Bubeck and Sellke weren’t attempting to rewrite anything when they decided to tackle the problem. They were examining a different feature that neural networks frequently lack, robustness, which is the ability of a network to deal with minor variations. A network that isn’t robust may have learnt to recognize a giraffe, but it would mistake an extremely modified variant for a gerbil. When Bubeck et al realized in 2019 that the problem was linked to network size, they set out to disprove theorems about it.

“We were studying adversarial examples — and then scale imposed itself on us. We recognized it was this incredible opportunity, because there was this need to understand scale itself,” explained Bubeck.

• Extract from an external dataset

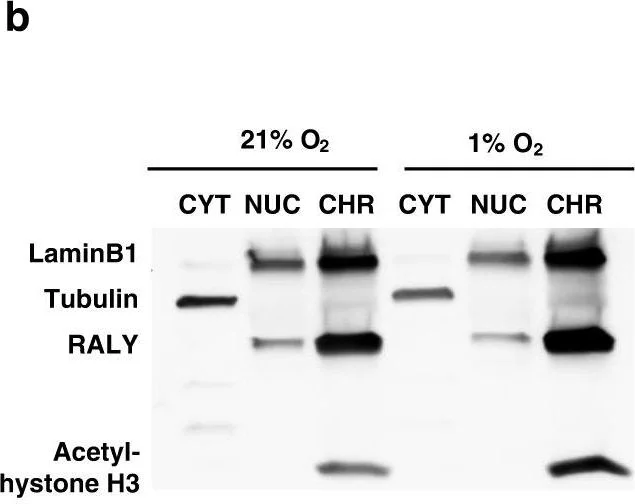 Western blot - Anti-RALY antibody [EPR10121] (AB170105)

In their new proof, the pair demonstrates that robustness requires overparameterization. They calculate how many parameters are required to properly fit data points to a curve with a mathematical quality equivalent to smoothness.

Consider a plane curve, with the x-coordinate representing the color of a single-pixel and the y-coordinate representing an image label. Because the curve is smooth, the prediction should only change modestly if you move a little distance along it while changing the pixel’s color slightly. However, because an extremely sharp curve has been described, small changes to the x-axis (the color) can produce huge differences in the y-coordinate (the image label). Giraffes may turn into gerbils.

n-d parameters are required for precisely fitting high-dimensional data points, according to Bubeck and Sellke (for example, 784 for a 784-pixel image). In other words, overparameterization is not only beneficial; it’s necessary if you want a network to memorize its training data robustly. The argument is based on a curious feature of high-dimensional geometry: that points distributed at random across the surface of a sphere are almost all spaced by a whole diameter. Because there is such a big gap between locations, fitting them all with a single smooth curve would require many extra parameters.

The finding offers a fresh perspective on why neural network scaling up has been so successful.

Overparameterization is beneficial in a variety of studies. According to other research, it can enhance the efficiency of training and the ability of a network to generalize. While we know that overparameterization is required for robustness, how important robustness is compared to other things remains unclear. The new proof, however, implies that robustness may be more significant than previously thought by connecting it with overparameterization.

“Robustness seems like a prerequisite to generalization. If you have a system where you just slightly perturb it, and then it goes haywire, what kind of system is that? That’s not reasonable. I do think it’s a very foundational and basic requirement,” explained Bubeck.

If you are into machine learning check out how a new ML model improves wildfire forecasts.